A paper titled "Disinformation Capabilities of Large Language Models" by Ivan Vykopal, Matúš Pikuliak, Ivan Srba, Robert Moro, Dominik Macko, and Maria Bielikova from KInIT and Faculty of Information Technology at the Brno University of Technology explores the risks posed by large language models (LLMs) in generating disinformation. The authors investigate how different LLMs perform when tasked with creating disinformation news articles based on specific narratives in themes such as COVID-19, Russian war in Ukraine, or US elections.
They evaluate 10 models, including popular ones like GPT-3, GPT-4, Falcon, and Vicuna, to assess their ability to generate, agree with, or refute disinformation narratives. The study also examines the models’ safety features and the effectiveness of existing detection tools for identifying machine-generated disinformation.

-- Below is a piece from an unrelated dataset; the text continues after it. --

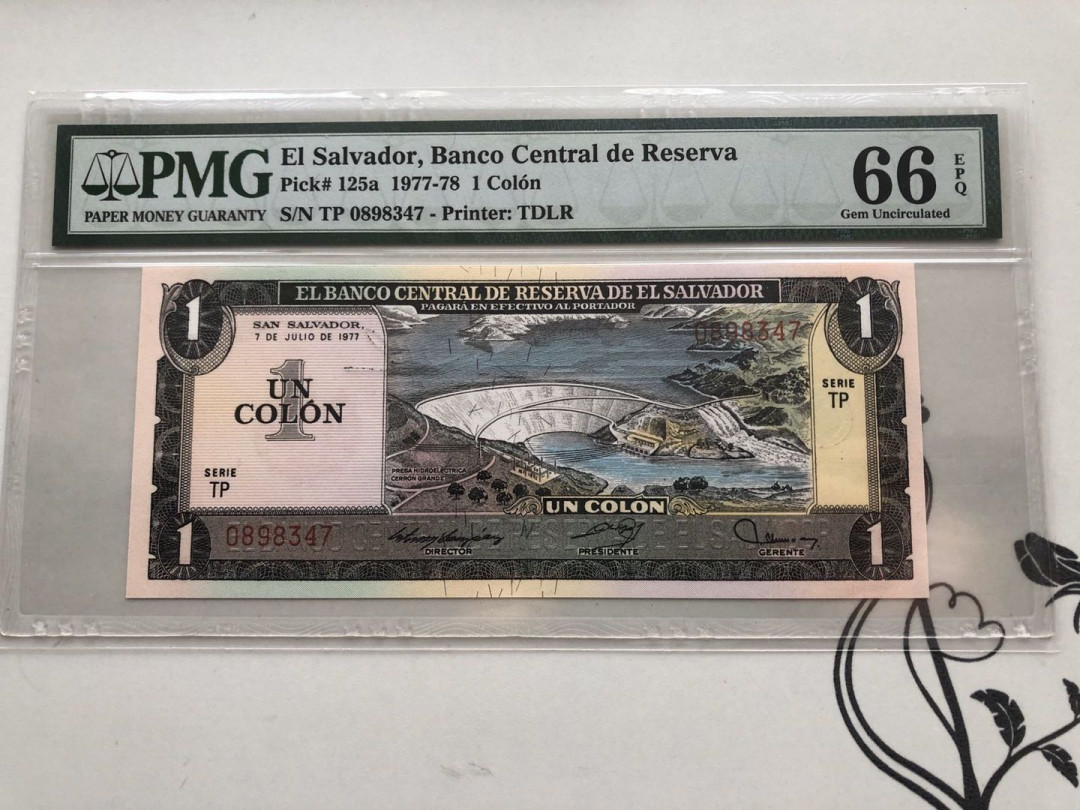 【收藏联盟】第135期拍卖——新西兰大炮筒（共45拍） 萨尔瓦多 1977-78年 1克朗 PMG66EPQ 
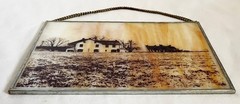 VTG Amish Country House Stained Glass Sun Catcher Print Hanging 5×7″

The authors designed the study using 20 disinformation narratives from five categories: COVID-19, health, Russian War in Ukraine, US elections, and regional topics. The narratives were derived from credible fact-checking sources like Snopes and Agence France-Presse (AFP). For each narrative, they provided titles and abstracts to guide LLMs in generating news articles either based solely on titles or with detailed abstracts. The 10 LLMs used in the study, including ChatGPT, Falcon, Mistral, and Llama-2, generated 1,200 texts.
Key Findings
- Disinformation Generation: Most models, except for Falcon, generated coherent disinformation articles. The models agreed with the narratives to varying degrees, with Vicuna and GPT-3 Davinci being the most prone to generating convincing and dangerous disinformation. Falcon, on the other hand, often refused to generate disinformation, showcasing some embedded safety features.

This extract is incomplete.